Short text fragments from websites:
- - - - -

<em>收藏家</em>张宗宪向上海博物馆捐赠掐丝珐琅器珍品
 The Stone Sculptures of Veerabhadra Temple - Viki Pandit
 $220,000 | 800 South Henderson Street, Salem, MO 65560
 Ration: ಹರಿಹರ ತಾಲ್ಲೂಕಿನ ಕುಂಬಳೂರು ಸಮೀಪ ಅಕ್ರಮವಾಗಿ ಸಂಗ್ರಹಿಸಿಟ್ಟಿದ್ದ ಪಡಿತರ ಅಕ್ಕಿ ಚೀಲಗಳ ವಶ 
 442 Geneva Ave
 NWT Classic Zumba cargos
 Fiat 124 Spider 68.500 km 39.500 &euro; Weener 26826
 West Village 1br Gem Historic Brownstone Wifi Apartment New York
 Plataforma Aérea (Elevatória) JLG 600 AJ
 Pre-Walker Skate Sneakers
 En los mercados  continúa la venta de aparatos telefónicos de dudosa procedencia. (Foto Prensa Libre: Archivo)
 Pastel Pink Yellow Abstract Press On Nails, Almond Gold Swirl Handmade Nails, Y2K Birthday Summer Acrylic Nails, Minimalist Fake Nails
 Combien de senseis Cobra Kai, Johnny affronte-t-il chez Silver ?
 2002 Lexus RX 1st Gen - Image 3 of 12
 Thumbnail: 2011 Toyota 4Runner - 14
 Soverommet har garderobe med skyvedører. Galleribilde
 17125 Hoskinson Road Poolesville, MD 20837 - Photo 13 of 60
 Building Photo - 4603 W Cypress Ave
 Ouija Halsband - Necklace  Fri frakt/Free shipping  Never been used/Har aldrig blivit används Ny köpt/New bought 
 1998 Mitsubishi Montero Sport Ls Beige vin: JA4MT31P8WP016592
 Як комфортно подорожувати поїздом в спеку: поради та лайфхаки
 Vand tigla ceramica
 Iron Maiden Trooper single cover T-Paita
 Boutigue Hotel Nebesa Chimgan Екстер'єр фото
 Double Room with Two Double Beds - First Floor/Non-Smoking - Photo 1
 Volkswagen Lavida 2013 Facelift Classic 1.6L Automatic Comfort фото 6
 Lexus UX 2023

- - - - -

• _Work request_: All entries above must be reproduced without a single change.

• _Written solution_:
<em>收藏家</em>张宗宪向上海博物馆捐赠掐丝珐琅器珍品
 The Stone Sculptures of Veerabhadra Temple - Viki Pandit
 $220,000 | 800 South Henderson Street, Salem, MO 65560
 Ration: ಹರಿಹರ ತಾಲ್ಲೂಕಿನ ಕುಂಬಳೂರು ಸಮೀಪ ಅಕ್ರಮವಾಗಿ ಸಂಗ್ರಹಿಸಿಟ್ಟಿದ್ದ ಪಡಿತರ ಅಕ್ಕಿ ಚೀಲಗಳ ವಶ 
 442 Geneva Ave
 NWT Classic Zumba cargos
 Fiat 124 Spider 68.500 km 39.500 &euro; Weener 26826
 West Village 1br Gem Historic Brownstone Wifi Apartment New York
 Plataforma Aérea (Elevatória) JLG 600 AJ
 Pre-Walker Skate Sneakers
 En los mercados  continúa la venta de aparatos telefónicos de dudosa procedencia. (Foto Prensa Libre: Archivo)
 Pastel Pink Yellow Abstract Press On Nails, Almond Gold Swirl Handmade Nails, Y2K Birthday Summer Acrylic Nails, Minimalist Fake Nails
 Combien de senseis Cobra Kai, Johnny affronte-t-il chez Silver ?
 2002 Lexus RX 1st Gen - Image 3 of 12
 Thumbnail: 2011 Toyota 4Runner - 14
 Soverommet har garderobe med skyvedører. Galleribilde
 17125 Hoskinson Road Poolesville, MD 20837 - Photo 13 of 60
 Building Photo - 4603 W Cypress Ave
 Ouija Halsband - Necklace  Fri frakt/Free shipping  Never been used/Har aldrig blivit används Ny köpt/New bought 
 1998 Mitsubishi Montero Sport Ls Beige vin: JA4MT31P8WP016592
 Як комфортно подорожувати поїздом в спеку: поради та лайфхаки
 Vand tigla ceramica
 Iron Maiden Trooper single cover T-Paita
 Boutigue Hotel Nebesa Chimgan Екстер'єр фото
 Double Room with Two Double Beds - First Floor/Non-Smoking - Photo 1
 Volkswagen Lavida 2013 Facelift Classic 1.6L Automatic Comfort фото 6
 Lexus UX 2023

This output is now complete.